Actually, with sufficient number of sufficient-quality developers, its a problem Google can solve fairly directly, by developing their own, compelling, Android tablet apps.

OTOH, I think that this is a problem that is overstated; Sure, there's lost of Android apps that are just "blown up" phone apps, but there's a lot of apps where there's no compelling need for something more, and "blown up" to tablet size improves interaction when you have a tablet available.

Its also not really like like Microsoft's problem.


> Not only does that ruin the experience but-- like Microsoft and their stalled phone ambitions-- it's not a problem Google can fix no matter how good their developers are. All the software patches in the world can't fix the issue of apathetic 3rd-party devs.

Hell, Google isn't even doing that much. Half of their apps don't have proper tablet UIs. How can third parties bother to do decent tablet apps if even the company who develops the platform doesn't care enough to do so? Google is in a leadership position, which means they have a responsibility to lead, and not only did they drop the ball, they threw an interception straight to Microsoft.


Since they started flogging Material the tablet-friendliness of Google apps has gone to crap.

Take the latest iterations of the Play store for instance. A while back they introduced a semi-floating search bar on the front view, that has the "hamburger" button integrated. Except that if you put a tablet into landscape, that bare stays fixed width, so now the burger button is suddenly not in the top right corner.

And i think Hangouts produce a single column down the middle with massive whitespaces on either side.

Edit: Thinking about it i wonder if this device is Google's attempt at dogfooding tablet development. Right now it seems that most of their apps are developed firstly for Apple devices.


It gets worse: Google's newest, most Material apps, like Inbox, have no tablet layouts. They are "blown up phone apps." Especially ironic (in an Alanis way, maybe?) because GMail is an exemplary app that shifts layout decisions based on screen size and orientation.

That said, Drive Docs, Slides, and Sheets are very nice on larger tablets. Still, Google needs to raise awareness that Android's APIs have very nice support for larger screens.


> On Android today, nothing is built from the ground up for tablets.

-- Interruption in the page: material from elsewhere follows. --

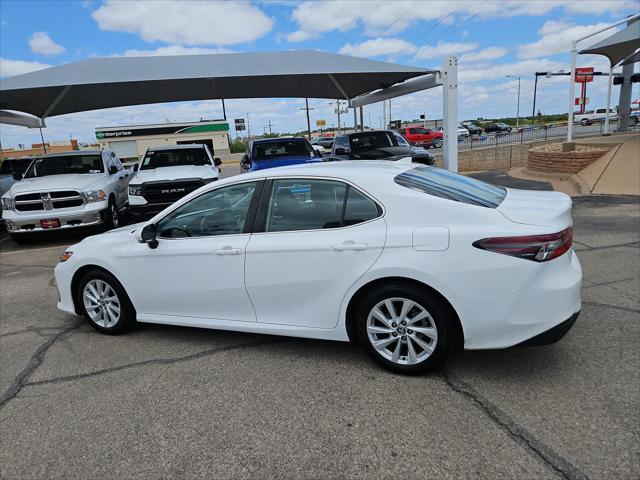 Photo of 2022 White Toyota Camry
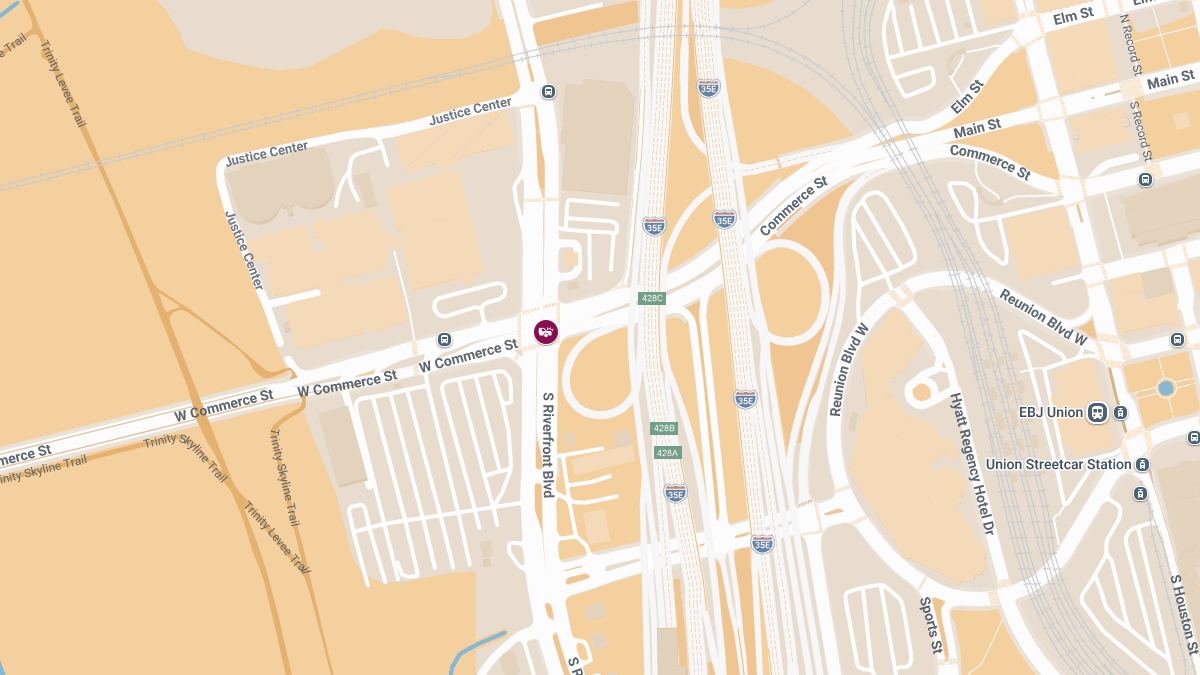 Collision With Injuries at Riverfront Blvd & Commerce St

shrug, the two most common applications for me are the terminal and chrome. If I had a Pixel C, I'd load a linux distro on it and be pretty content.


What's the actual real world experience of using Linux on an Android tablet though? I've looked into it briefly and you can do things in a chroot environment which has some limitations, or run a more vanilla Linux distribution that very likely has none of the drivers, power optimizations, etc. needed to make a usable mobile machine. It just seems like a horrible experience but I'd love to be proven wrong.


I've got a Samsung Galaxy Tab 10.1 (2014 Edition) and do quite like running a chrooted debian on it in combination with an Apple wireless keyboard. SSHing into the Debian system gives me a fairly powerful development environment. I've never tried running an Xserver on it though.


For anybody getting a "The Google Store isn't available here yet" message, you can append ?hl=us to the url to get past it: https://store.google.com/product/pixel_c?gl=us


This post appears to have been nuked[1] -- any idea why?

[1] http://hnrankings.info/10698432/


I noticed this as well. I can't see any reason for it - plenty of new gadget announcements stick around for a while on the front page.


So, this is a device that could easily have been delivered with ChromeOS, but instead is running Android. In fact, I don't think the Pixel line has ever had an Android device, am I correct?

My gut is that rumors of ChromeOS's demise were not overblown, which is tough in my house -- all but one household computer runs on Chrome right now.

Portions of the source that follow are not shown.